> Task objective:
In the data below, the copy begins at the line containing "Integrin beta2 (Phospho-Thr758)" and runs through the last line; repeat those lines exactly, minus the pictures.

> Data below:
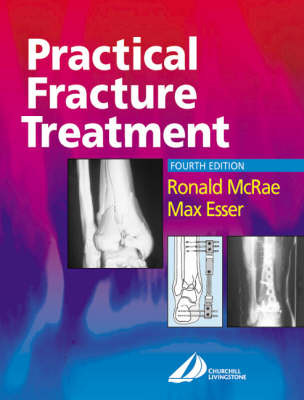 Practical Fracture Treatment - Ronald McRae, Max Esser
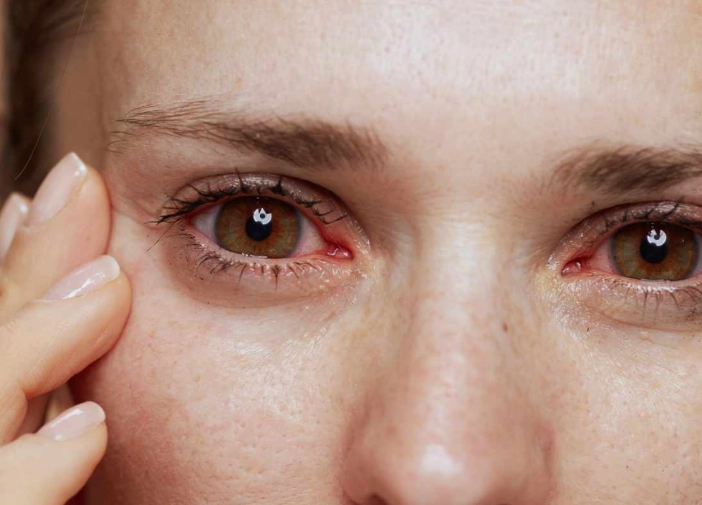 Sleep deprivation eyes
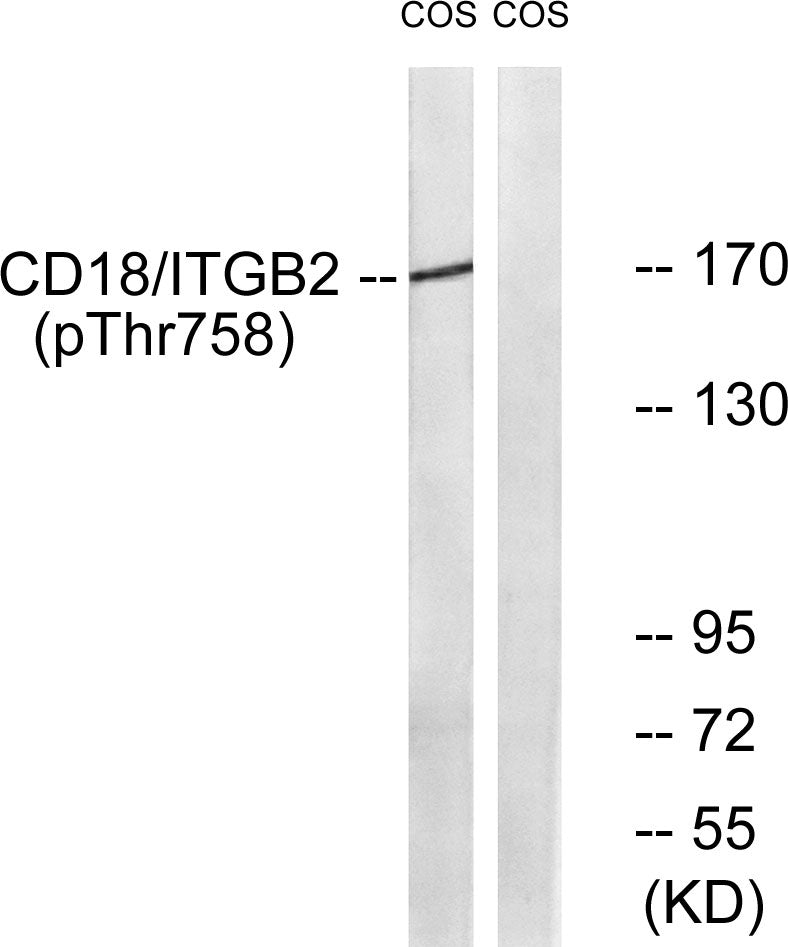 Integrin beta2 (Phospho-Thr758) Colorimetric Cell-Based ELISA Kit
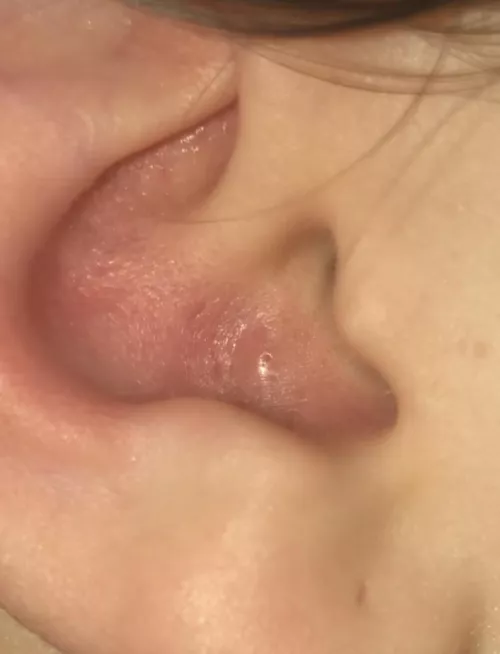 mega painful pimple in my ear by Sa1ntJ1mmy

> Reply to the task:
 Integrin beta2 (Phospho-Thr758) Colorimetric Cell-Based ELISA Kit
 mega painful pimple in my ear by Sa1ntJ1mmy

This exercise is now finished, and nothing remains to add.